[[ RECORDS FOR PROCESSING open ]]

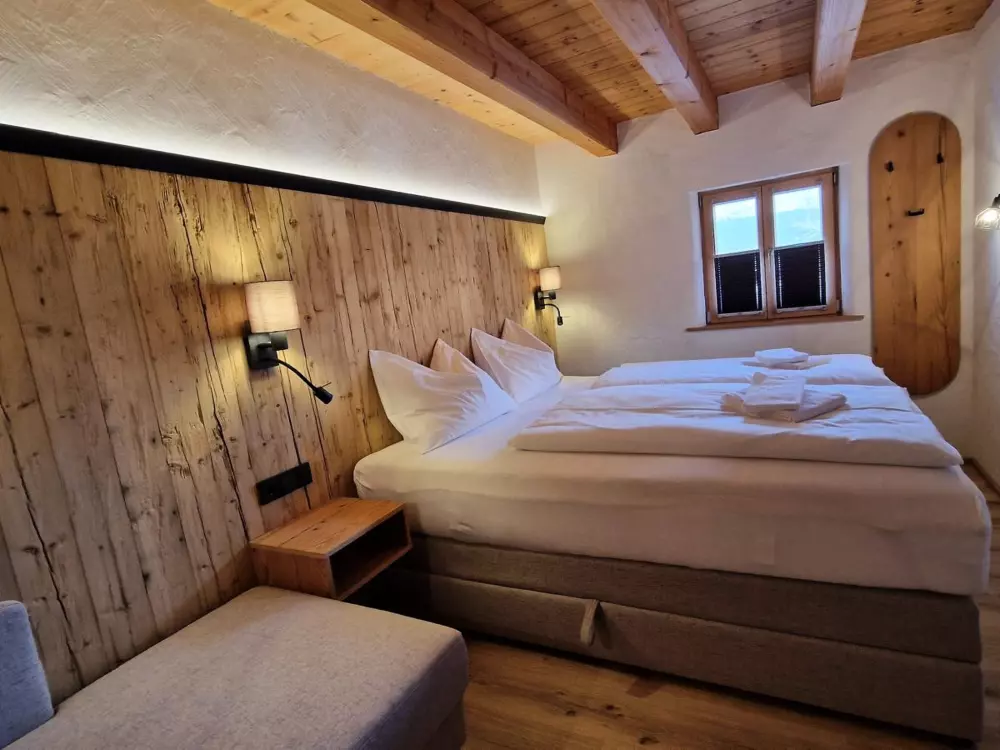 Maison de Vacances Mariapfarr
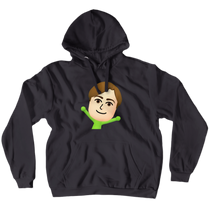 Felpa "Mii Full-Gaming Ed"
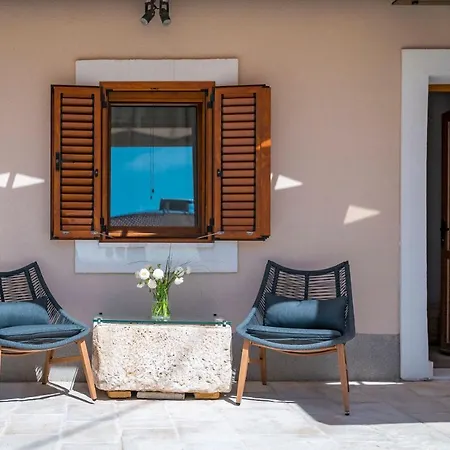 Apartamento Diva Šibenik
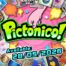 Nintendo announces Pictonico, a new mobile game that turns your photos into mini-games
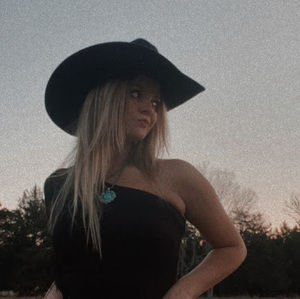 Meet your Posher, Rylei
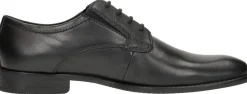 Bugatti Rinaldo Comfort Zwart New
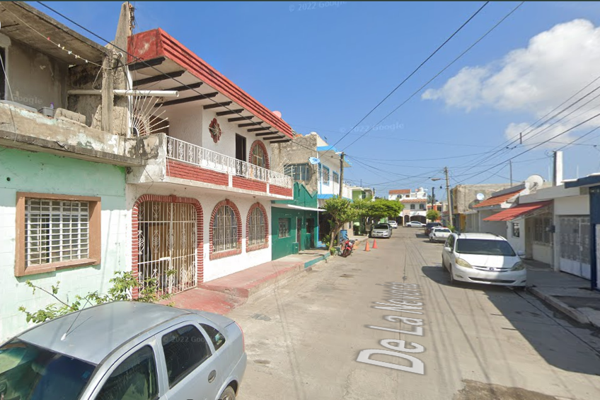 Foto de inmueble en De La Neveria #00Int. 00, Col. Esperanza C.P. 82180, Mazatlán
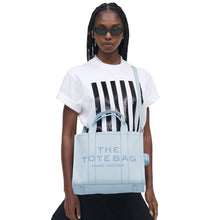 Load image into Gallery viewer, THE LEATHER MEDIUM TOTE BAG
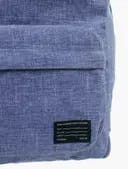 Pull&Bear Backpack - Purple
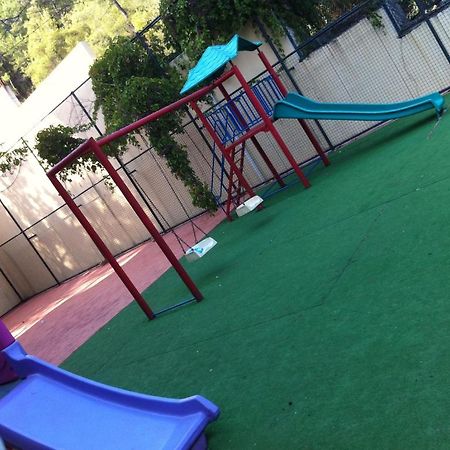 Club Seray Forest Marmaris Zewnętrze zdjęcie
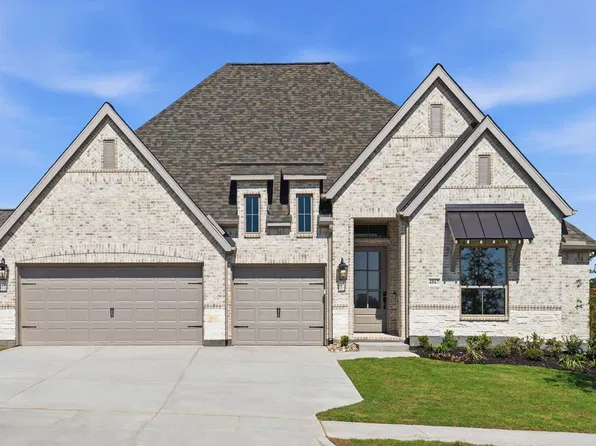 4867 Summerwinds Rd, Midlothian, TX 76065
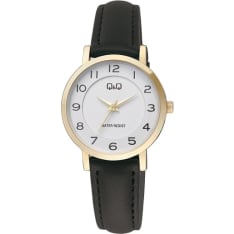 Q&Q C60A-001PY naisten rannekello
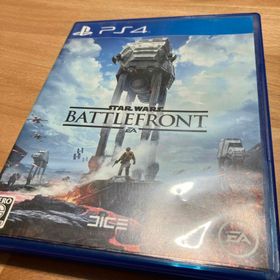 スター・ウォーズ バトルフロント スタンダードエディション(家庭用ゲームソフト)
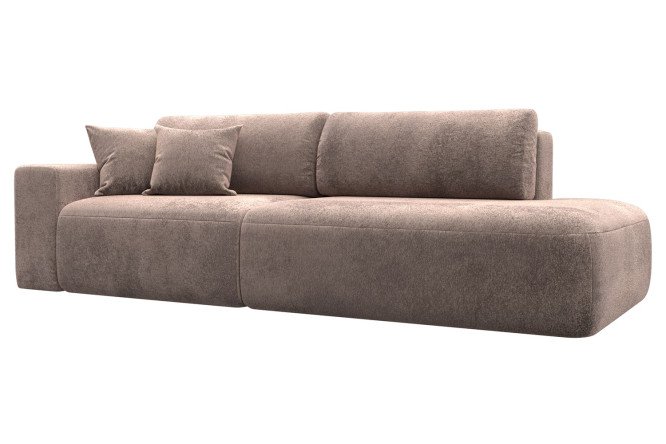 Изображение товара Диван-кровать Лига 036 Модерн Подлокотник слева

[[ RECORDS FOR PROCESSING closed ]]

*EXERCISE GOAL*:
Where the line holding "Q&Q C60A-001PY naisten rannekello" appears, start copying, and continue exactly through the last line of the listing, both ends included, skipping the pictures.

*ANSWER TO THE PROBLEM*:
 Q&Q C60A-001PY naisten rannekello
 スター・ウォーズ バトルフロント スタンダードエディション(家庭用ゲームソフト)
 Изображение товара Диван-кровать Лига 036 Модерн Подлокотник слева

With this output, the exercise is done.